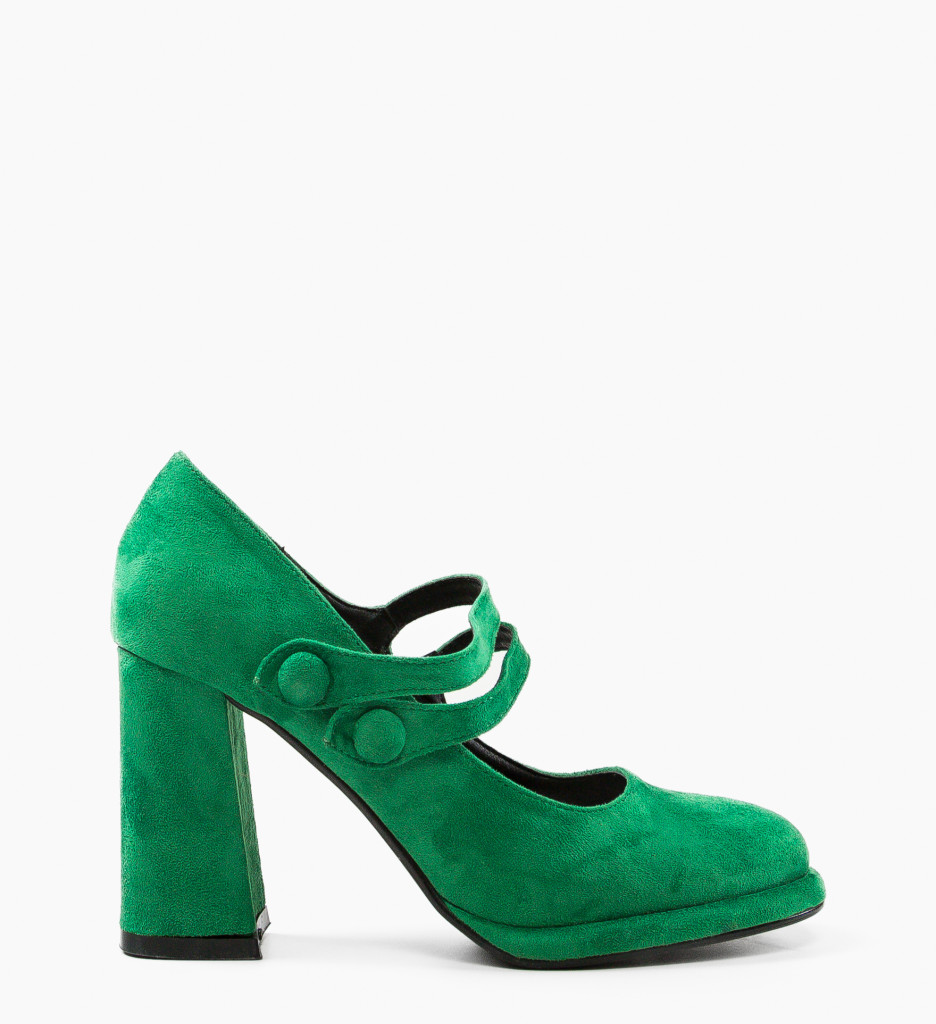 Pantofi Dama Verzi Vintage, Toc Elegant - imagine 4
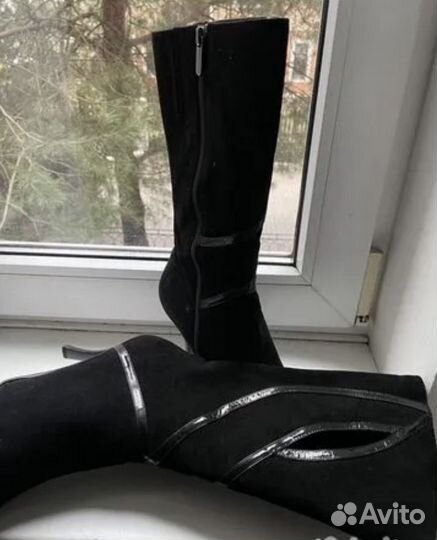 Сапоги женские шпилька велюр весна Италия 38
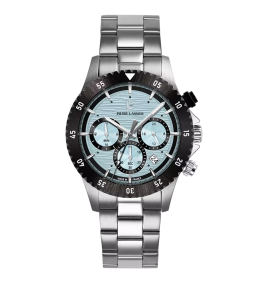 Montre Homme Pierre Lannier DECIMA, chronographe en acier et cadran bleu 211K191
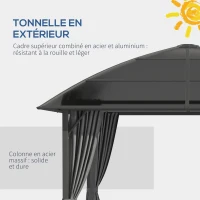 Outsunny Tonnelle de jardin structure aluminium toit polycarbonate imperméable UV 60+ parois latéraux 3 x 3 m gris foncé(m-5)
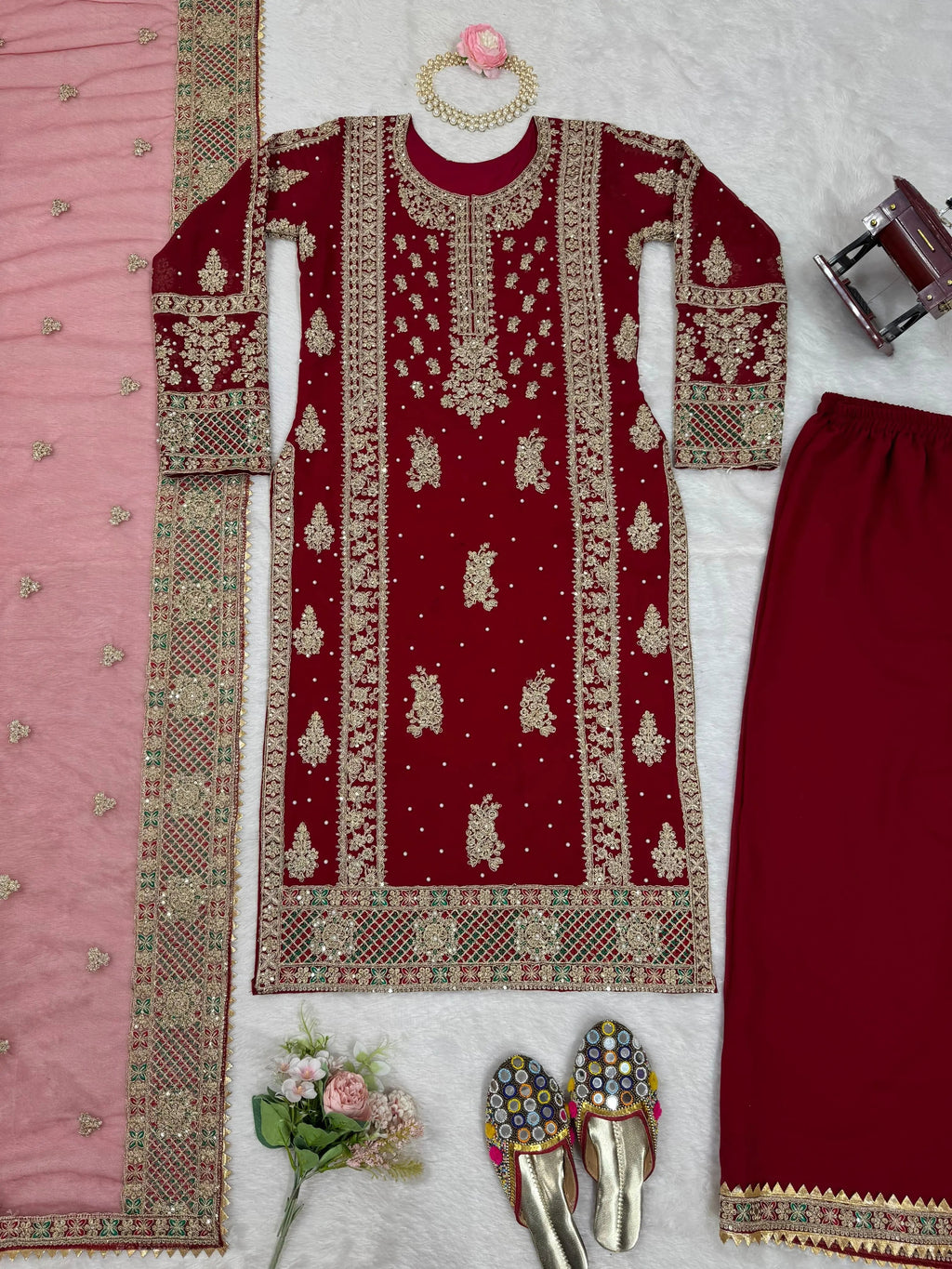 Faux Georgette Moti Work with Thread Embroidery Pakistani Suit (Ready To Wear)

The problem
The copy you give must run from the line containing "Outsunny Tonnelle de" through the last line of the records, exactly, with the pictures left out.

Response
 Outsunny Tonnelle de jardin structure aluminium toit polycarbonate imperméable UV 60+ parois latéraux 3 x 3 m gris foncé(m-5)
 Faux Georgette Moti Work with Thread Embroidery Pakistani Suit (Ready To Wear)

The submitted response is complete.